We downloaded all SARS-CoV-2 genomes with Pango designations (v1.2.32) available on GISAID on 05th July 2021 (n = 458,622). The genomes were aligned against a reference genome for SARS-CoV-2 (Genbank accession ID = NC_045512; Wuhan-Hu-1) using minimap2 v2.17 [8] and were scaffolded and padded to full-length genome alignments using gofasta (https://github.com/cov-ert/gofasta). Using the Genbank features annotations (accession ID: NC_045512; gene ID: 43740568), we extracted the spike gene nucleotide sequences from the full alignment (genome positions 21,562 to 25,384), resulting in alignments of length 3822 nucleotides. For each spike nucleotide sequence (SNS) in the alignment, spike ambiguity content was calculated as the proportion of bases present in the spike sequence that was not A, C, G, T, or a gap, and so includes both N and non-N ambiguities in the calculation. Only genomes with complete spike proteins (i.e. no ambiguous bases) were included in subsequent analysis, resulting in 345,356 sequences being included in the analysis (78% of designated sequences). Of the Pango lineages in the dataset, 8 of these lineages had no representative sequences with complete spike protein sequences and were not included in subsequent analysis, leaving 1296 lineages with complete representative spike proteins, GISAID accession numbers supplied in Additional file 1.

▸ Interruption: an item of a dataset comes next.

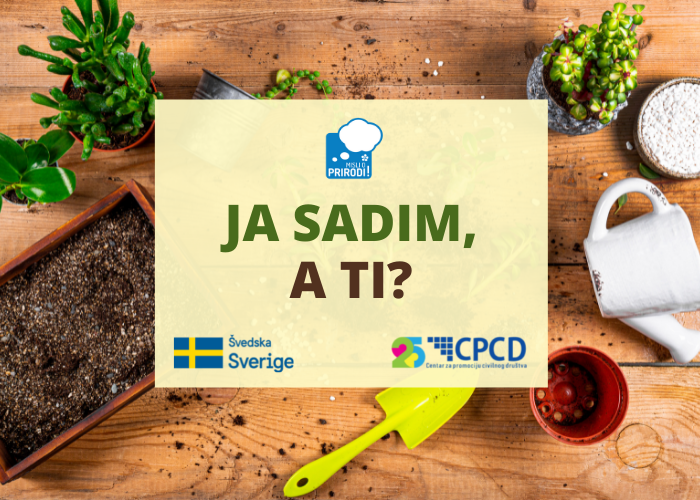 "Ja sadim, a ti?"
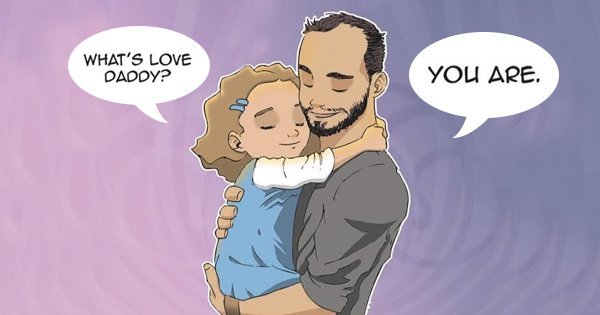 This Moving Comic Strip By A Single Dad Captures The Father-Daughter Bond B...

Identification of consensus spike haplotypes

To identify consensus spike haplotypes and lineage sets, we first mapped the whole genome sequences of the 345,356 genomes identified above against the Wuhan/WHO4/2020 genome (GISAID accession = EPI_ISL_406801) which is a high quality, early, example of lineage A. Using the resulting output alignment file, we identified all non-synonymous mutations, synonymous nucleotide mutations, and insertions and deletions using gofasta (https://github.com/cov-ert/gofasta). We subsequently retained only mutations in the spike protein from these records. Using the Pango sequence designation list (v1.2.32; https://github.com/cov-lineages/pango-designation/blob/master/lineages.csv) we recorded the list of spike mutations observed in each lineage, and the relative frequency of each mutation within each lineage. These lists were then used to calculate a consensus spike haplotype (CSH) for each lineage. Specifically, spike mutations were included in the CSH if they were observed in >X% of the sequences designated to that lineage. Finally, we used the CSHs for each lineage to create lineage sets. These were generated by placing all lineages with the same CSH in the same lineage set. Finally, a unique alphanumeric identifier was generated for each set using the MD5 hash algorithm to allow concise and accurate referencing of the sets.